Although dirt, dust, and pollen build-up may seem a bit trivial, it can dull your car’s finish and could even permanently scratch it. If you’re planning on storing your car in your garage for any length of time, you need to invest in a quality indoor car cover. That will help protect your car from pollen and dust buildup and keep your car’s finish looking new for longer.  

Indoor Vs. Outdoor Car Covers 

Car covers are designed for either indoor or outdoor use. It’s usually not good to use an indoor car cover outside, or vice versa.

Outdoor covers are thicker and heavier to give protection against rain, snow, sun or wind. Conditions you won’t find indoors.  Their fabrics also help protect against tree sap, and bird droppings and keep that acid off your car’s paint.

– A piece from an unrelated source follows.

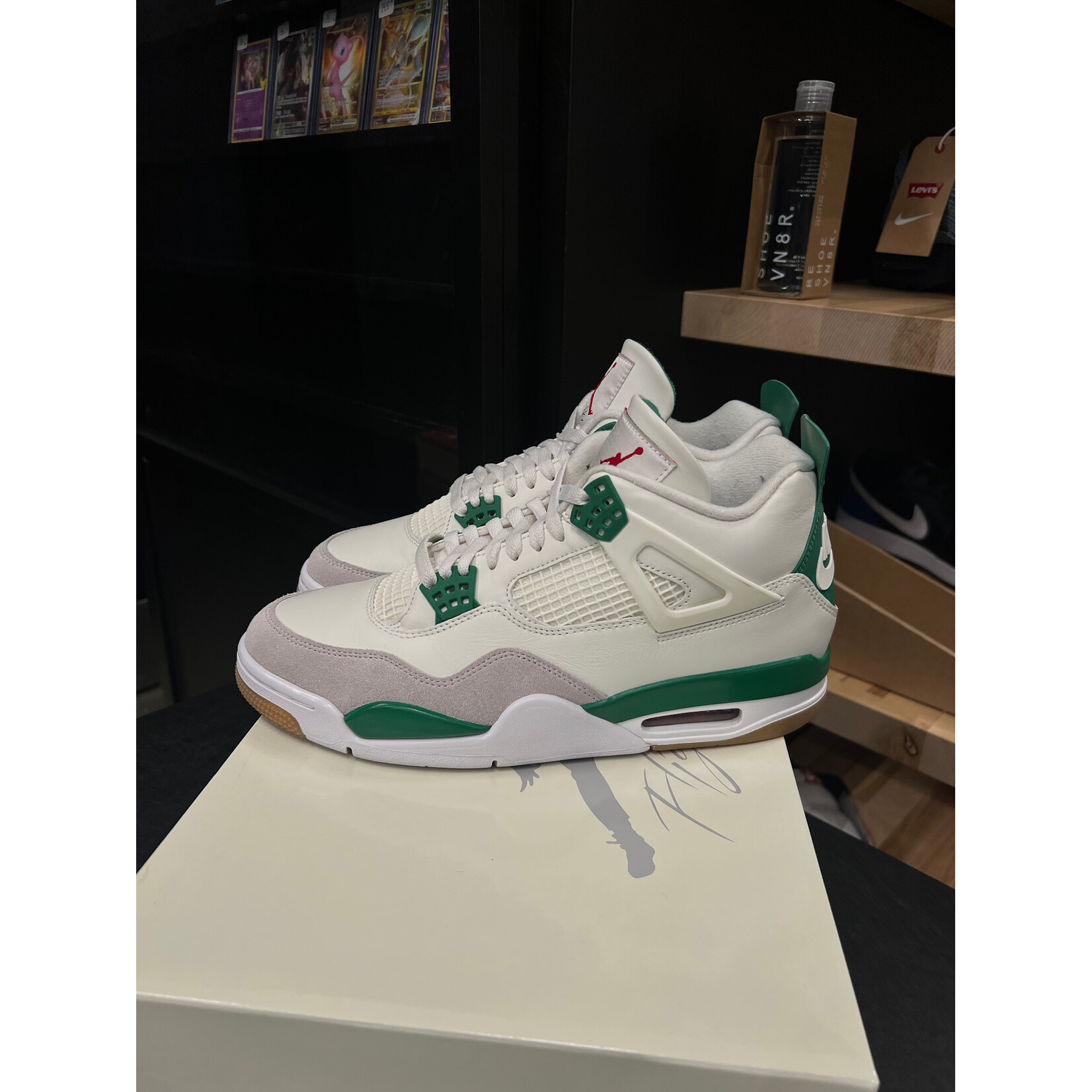 Jordan Jordan 4 Retro SB Pine Green Size 11, PREOWNED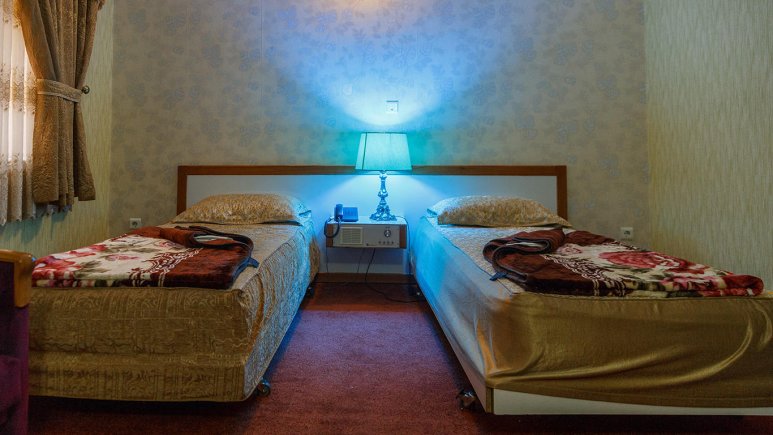 هتل پتروشیمی تبریز اتاق دو تخته تویین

Indoor car covers are lightweight and easier to store. They’re made from a softer material that still helps protect your car from dings, and keep dust off. They’re also made from a breathable material that helps keep air flowing so moisture can evaporate.

In a pinch, you can use an outdoor car cover in your garage, but you can’t use an indoor cover outside. It’s not designed to provide enough protection from the weather and will start to deteriorate fairly quickly.

If you plan on leaving your car outside for long periods, then you need an outdoor car cover to protect your car from UV rays and other elements. 

How to Prepare Your Car for Long Term Storage

Whether you’re planning to go for a long vacation or you have a car that you only drive in the summer, you need to prep your car before storing it. 

Here is the general process to follow:

1. Clean Your Car Thoroughly

Never attempt to store your car without washing it. While it may seem counter-intuitive to clean the car before storing it, it can actually help keep your car’s finish looking good for longer.

Start by cleaning the lower body panels and fenders and wheels to get rid of dust, grease, tar, or mud. Be sure to pay special attention to your wheels to clean off any brake dust that’s accumulated. Brake dust is acidic and can eat into the wheel’s finish if left unchecked.

Note: If you’re storing your car, never use tire dressings on your tires. Instead use a simple cleaning solution. For more tips on how to store your tires, check out my article here where I detail the entire process I follow.

If all this seems like too much work, you can also opt to take it to a detailer to have it cleaned and waxed. Just be sure to give it a final once-over before you put on the car-cover.

2. Change the Oil

If you’re storing your car short-term, less than two weeks, you can skip this step. However, if you’re planning on storing it for the winter, then it’s a good idea to change the oil.

Engine oil contains contaminants that could damage the engine once you start it up after storage.

3. Fill up The Tank

Another good idea it so top off the tank if you plan to have the car in storage for more than 30 days.

This helps prevent the seals from drying out and ensures that moisture doesn’t accumulate inside the fuel tank. Products like fuel stabilizers protect the engine from rust and varnish, while preventing ethanol buildup. 

4. Inflate Your Tires

Keeping the right tire pressure is one way you can prevent flat spots.

Flat spots occur when a car is stationary for too long and the weight of the vehicle pushes down on the tires.

Ideally, you should move your car every 30 days or so, so flat spots don’t develop. Alternately, you can also take the wheels off and place the car on jack stands.

5. Avoid Using the Parking Brake

I’m bad at this one. Although I’m a fan of using the parking break when driving my car normally, it’s not a good idea to use it when storing your car long-term.

There’s a possibility that the rotors and brake pads could fuse together. If you want a little extra security, you could get a tire stopper or parking aid to prevent your car from moving. 

6. Use a Car Cover

Hopefully by now you’re convinced that you need a car cover when storing your car inside, even if you park it in the garage.

Your garage and a car cover work together. The garage will help keep your car safe from the elements while a car cover will keep it safe from dust, moisture and scratches.  


Covering your car in the garage is a must as it helps to protect your car from dirt, dust, scratches, moisture buildup, among other elements. Invest in a quality indoor cover with a soft lining.